In Rostov-on-Don, one of the tournament’s 11 host cities, Dudaryonok said she started to see corpses in full public view more frequently in the fall of 2016. Then, at the end of last year, there was an uptick in government tenders for the capture of strays on the government’s public portal. Activists rang the alarm.

petition addressed to President Vladimir Putin in January urged Russia to “stop the awful practice our country has of killing homeless animals in the run-up to international sporting events.” It has since garnered more than 1.8 million signatures from all over the world.

In a statement to The Moscow Times, FIFA and Russia’s Local Organizing Committee said they “in no way condone cruel treatment of wild and stray animals.” They added that they were in contact with host cities and expected them to ensure animal welfare.

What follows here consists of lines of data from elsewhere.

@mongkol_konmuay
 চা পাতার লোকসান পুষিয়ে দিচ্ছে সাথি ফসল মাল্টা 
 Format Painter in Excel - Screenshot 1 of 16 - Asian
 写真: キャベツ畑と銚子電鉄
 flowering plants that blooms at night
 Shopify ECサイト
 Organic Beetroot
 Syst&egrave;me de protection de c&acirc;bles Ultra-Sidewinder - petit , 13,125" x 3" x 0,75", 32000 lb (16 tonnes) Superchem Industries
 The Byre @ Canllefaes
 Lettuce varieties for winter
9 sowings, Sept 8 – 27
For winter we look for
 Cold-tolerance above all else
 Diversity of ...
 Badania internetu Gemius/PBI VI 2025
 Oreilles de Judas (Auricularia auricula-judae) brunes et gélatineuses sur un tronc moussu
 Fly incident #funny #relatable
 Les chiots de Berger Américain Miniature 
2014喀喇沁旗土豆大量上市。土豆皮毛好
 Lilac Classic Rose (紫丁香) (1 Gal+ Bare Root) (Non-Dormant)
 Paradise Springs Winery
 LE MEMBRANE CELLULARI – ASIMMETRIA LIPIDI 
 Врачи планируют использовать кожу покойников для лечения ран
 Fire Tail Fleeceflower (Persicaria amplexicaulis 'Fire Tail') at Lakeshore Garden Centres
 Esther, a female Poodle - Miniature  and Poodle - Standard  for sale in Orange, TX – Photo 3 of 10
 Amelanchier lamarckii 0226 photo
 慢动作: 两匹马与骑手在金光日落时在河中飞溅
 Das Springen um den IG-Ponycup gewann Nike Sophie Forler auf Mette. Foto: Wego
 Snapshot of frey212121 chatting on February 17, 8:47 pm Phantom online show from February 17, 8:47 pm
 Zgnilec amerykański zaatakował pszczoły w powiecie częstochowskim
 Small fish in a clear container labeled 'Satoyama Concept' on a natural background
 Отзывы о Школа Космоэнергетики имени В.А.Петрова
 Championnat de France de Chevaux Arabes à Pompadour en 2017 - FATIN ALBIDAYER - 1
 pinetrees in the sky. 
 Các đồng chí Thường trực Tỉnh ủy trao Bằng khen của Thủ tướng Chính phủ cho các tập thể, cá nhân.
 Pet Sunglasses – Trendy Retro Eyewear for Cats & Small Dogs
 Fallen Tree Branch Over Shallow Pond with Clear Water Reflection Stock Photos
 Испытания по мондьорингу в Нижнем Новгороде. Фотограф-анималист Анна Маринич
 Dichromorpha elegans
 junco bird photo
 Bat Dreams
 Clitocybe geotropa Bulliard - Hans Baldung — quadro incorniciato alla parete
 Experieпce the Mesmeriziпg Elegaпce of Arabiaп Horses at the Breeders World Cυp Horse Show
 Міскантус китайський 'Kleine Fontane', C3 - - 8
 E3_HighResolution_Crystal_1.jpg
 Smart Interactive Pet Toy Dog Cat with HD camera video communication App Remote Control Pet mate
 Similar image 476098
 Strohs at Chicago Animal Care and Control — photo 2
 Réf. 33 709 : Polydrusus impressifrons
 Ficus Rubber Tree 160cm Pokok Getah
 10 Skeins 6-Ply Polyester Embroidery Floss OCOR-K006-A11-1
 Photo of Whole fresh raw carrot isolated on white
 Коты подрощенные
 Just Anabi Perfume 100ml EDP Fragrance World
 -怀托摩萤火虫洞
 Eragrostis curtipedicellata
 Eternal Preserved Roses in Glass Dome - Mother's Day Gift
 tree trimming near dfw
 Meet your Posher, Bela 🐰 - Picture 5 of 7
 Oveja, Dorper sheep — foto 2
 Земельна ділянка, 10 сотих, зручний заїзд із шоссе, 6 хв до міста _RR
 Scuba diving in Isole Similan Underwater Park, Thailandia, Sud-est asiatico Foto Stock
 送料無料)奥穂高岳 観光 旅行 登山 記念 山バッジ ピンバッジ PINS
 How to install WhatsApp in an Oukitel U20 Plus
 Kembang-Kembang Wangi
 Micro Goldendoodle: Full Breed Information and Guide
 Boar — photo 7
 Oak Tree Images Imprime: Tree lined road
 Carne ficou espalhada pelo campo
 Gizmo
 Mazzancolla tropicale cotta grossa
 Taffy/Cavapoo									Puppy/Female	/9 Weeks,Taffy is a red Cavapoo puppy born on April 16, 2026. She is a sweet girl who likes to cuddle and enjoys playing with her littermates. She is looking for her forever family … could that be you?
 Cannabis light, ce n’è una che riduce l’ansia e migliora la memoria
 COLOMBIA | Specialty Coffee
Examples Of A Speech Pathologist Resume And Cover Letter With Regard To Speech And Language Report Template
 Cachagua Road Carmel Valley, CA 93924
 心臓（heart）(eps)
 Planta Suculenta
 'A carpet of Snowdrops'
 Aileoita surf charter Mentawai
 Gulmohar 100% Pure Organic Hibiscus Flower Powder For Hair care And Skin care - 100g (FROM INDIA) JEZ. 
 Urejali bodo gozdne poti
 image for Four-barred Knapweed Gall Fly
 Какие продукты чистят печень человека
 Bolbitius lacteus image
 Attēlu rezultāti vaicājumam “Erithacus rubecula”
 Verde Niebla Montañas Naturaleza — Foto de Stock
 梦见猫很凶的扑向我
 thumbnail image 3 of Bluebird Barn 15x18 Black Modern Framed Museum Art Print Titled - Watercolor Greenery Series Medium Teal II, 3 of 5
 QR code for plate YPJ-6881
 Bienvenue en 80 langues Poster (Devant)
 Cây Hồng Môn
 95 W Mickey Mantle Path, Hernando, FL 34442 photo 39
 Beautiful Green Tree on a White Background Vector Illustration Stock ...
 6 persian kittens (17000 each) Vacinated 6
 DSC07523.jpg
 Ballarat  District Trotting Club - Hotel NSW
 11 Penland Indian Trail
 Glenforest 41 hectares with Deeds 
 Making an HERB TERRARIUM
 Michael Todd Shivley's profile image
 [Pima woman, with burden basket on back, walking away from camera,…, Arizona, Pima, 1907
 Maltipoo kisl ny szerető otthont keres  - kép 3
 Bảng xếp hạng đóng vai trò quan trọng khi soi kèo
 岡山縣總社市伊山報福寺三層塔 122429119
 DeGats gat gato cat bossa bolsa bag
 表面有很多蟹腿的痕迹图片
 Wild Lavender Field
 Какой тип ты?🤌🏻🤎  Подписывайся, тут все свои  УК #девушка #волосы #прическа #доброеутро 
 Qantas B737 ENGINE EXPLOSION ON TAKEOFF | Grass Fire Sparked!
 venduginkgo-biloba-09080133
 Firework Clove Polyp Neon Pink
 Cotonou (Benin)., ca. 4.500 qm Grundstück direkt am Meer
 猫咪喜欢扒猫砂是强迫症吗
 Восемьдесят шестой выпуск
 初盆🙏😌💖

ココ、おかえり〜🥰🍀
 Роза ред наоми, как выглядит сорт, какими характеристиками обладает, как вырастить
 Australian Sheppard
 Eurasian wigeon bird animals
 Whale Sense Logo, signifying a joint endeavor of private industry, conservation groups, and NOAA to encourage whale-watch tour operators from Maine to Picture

Russian officials have argued that culling strays is a necessary safety measure. Recently, Sports Minister Pavel Kolobkov cited the need to “minimize ecological risks” for visitors to the World Cup, and promised that the removal of strays would be carried out “humanely.”

After meeting with activists earlier this year, Kolobkov and Deputy Prime Minister Vitaly Mutko ordered host cities to set up shelters to house strays. Mutko also assured activists that the killings would stop. But animal rights defenders say that without proper legal mechanisms, it is a hollow statement.

Although Russia does have an article in its Criminal Code outlawing animal cruelty, activists argue it is toothless. Even after two teenagers in Khabarovsk in 2016 posted photos on the internet of puppies and kittens they had dismembered — an incident which was met with national outrage — they escaped punishment under the law.

What makes the problem even more insidious is that it is left up to each municipality to decide what to do with homeless animals, says Mark Sokolovsky, an animal rights defender based in the Sverdlovsk region.

Moreover, the industry of killing animals is lucrative. “There is a lot of money in these contracts, which are often awarded to state-run companies,” Vladimir Burmatov, the head of the State Duma’s ecology and environmental protection committee, said in a phone interview. “And because these matters are governed by individual municipalities, there is nothing a federal official can do.”

Yekaterina Dmitrieva, who runs the non-profit Urban Animal Protection Fund, says the tenders in the host cities, which she estimates are home to around 100,000 stray cats and dogs, total $1.8 million. And because companies are paid per animal, they are incentivized to capture or kill as many as possible.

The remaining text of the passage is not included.